AI Pitfall: AI mixes base R and tidyverse in the same script

Ask an AI assistant to “filter the customers and compute the average order amount” and you may get back code that mixes paradigms in awkward ways:

high_value <- subset(df, order_amount > 100)   # base R idiom
result <- high_value %>%                        # tidyverse pipe
  group_by(region) %>%
  summarise(avg = mean(order_amount))

The code runs. It also reads as if it was written by two different people. AI assistants are trained on a mix of base R and tidyverse code, and they sometimes blend them in a single script. The cost is that future readers (often you, three months later) have to mentally switch idioms while reading. The benefit of using the tidyverse is consistency; that benefit disappears when half the code is still written in base R.

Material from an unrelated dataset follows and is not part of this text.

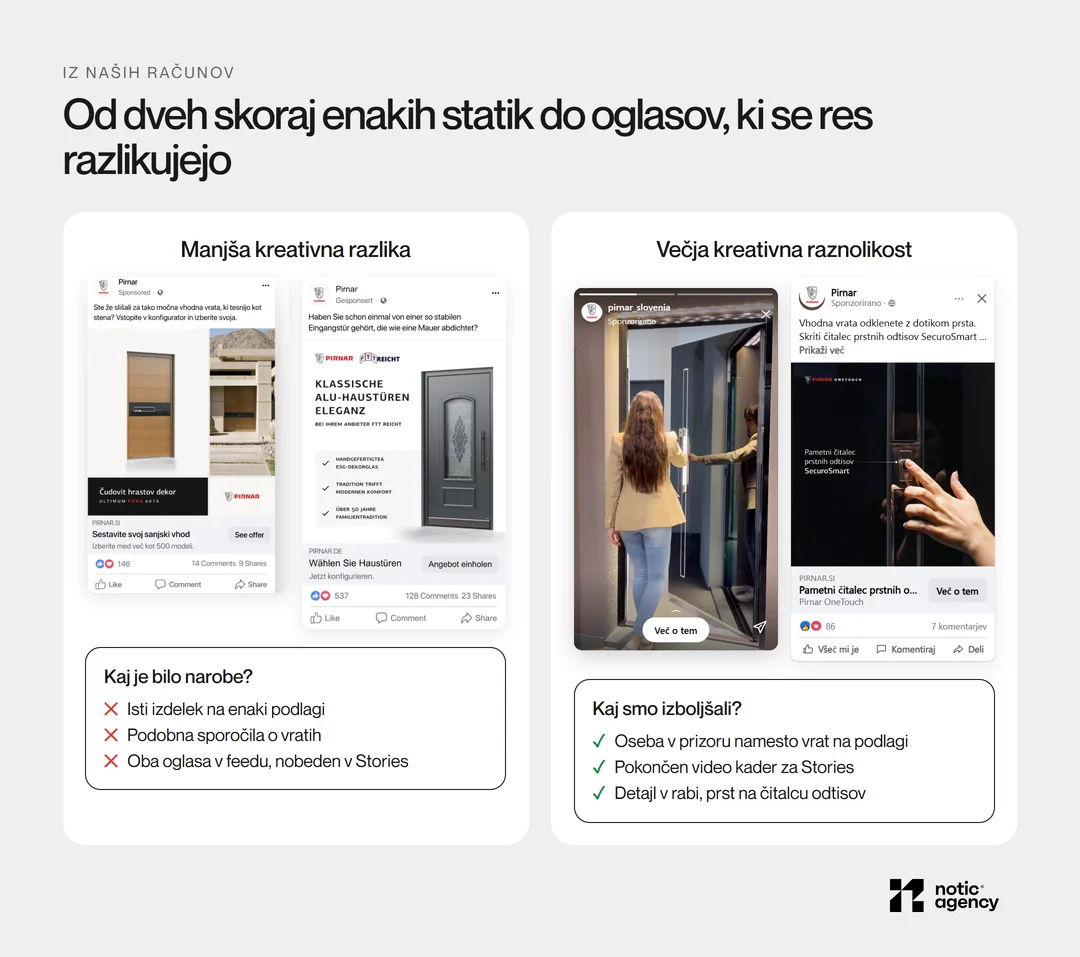Primerjava manjše in večje kreativne raznolikosti na oglasih Pirnar. Levo dva statična Facebook oglasa za vhodna vrata na enaki podlagi, desno Instagram Stories oglas z video kadrom ženske, ki vstopa skozi vrata, in Facebook oglas z detajlom prsta na čitalcu prstnih odtisov. Pod njima kartici Kaj je bilo narobe in Kaj smo izboljšali.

The discipline: pick one approach per script and stick with it. This book uses tidyverse-first throughout. When AI hands you code that mixes idioms, ask it to “rewrite this in tidyverse style” — modern AI handles that translation reliably.

7.2 Installing and Loading the Tidyverse

One install, many packages:

Code

install.packages("tidyverse")

One library call to load the core set:

Code

library(tidyverse)

When you run library(tidyverse), R prints two things. First, the core packages it just loaded. Second, any conflicts — cases where a tidyverse function has the same name as one already loaded. You will usually see:

dplyr::filter() masks stats::filter()
dplyr::lag() masks stats::lag()

Do not panic. This just means that typing filter() now calls the dplyr version (which is what you want 99% of the time). If you ever need R’s different built-in function with the same name, use stats::filter().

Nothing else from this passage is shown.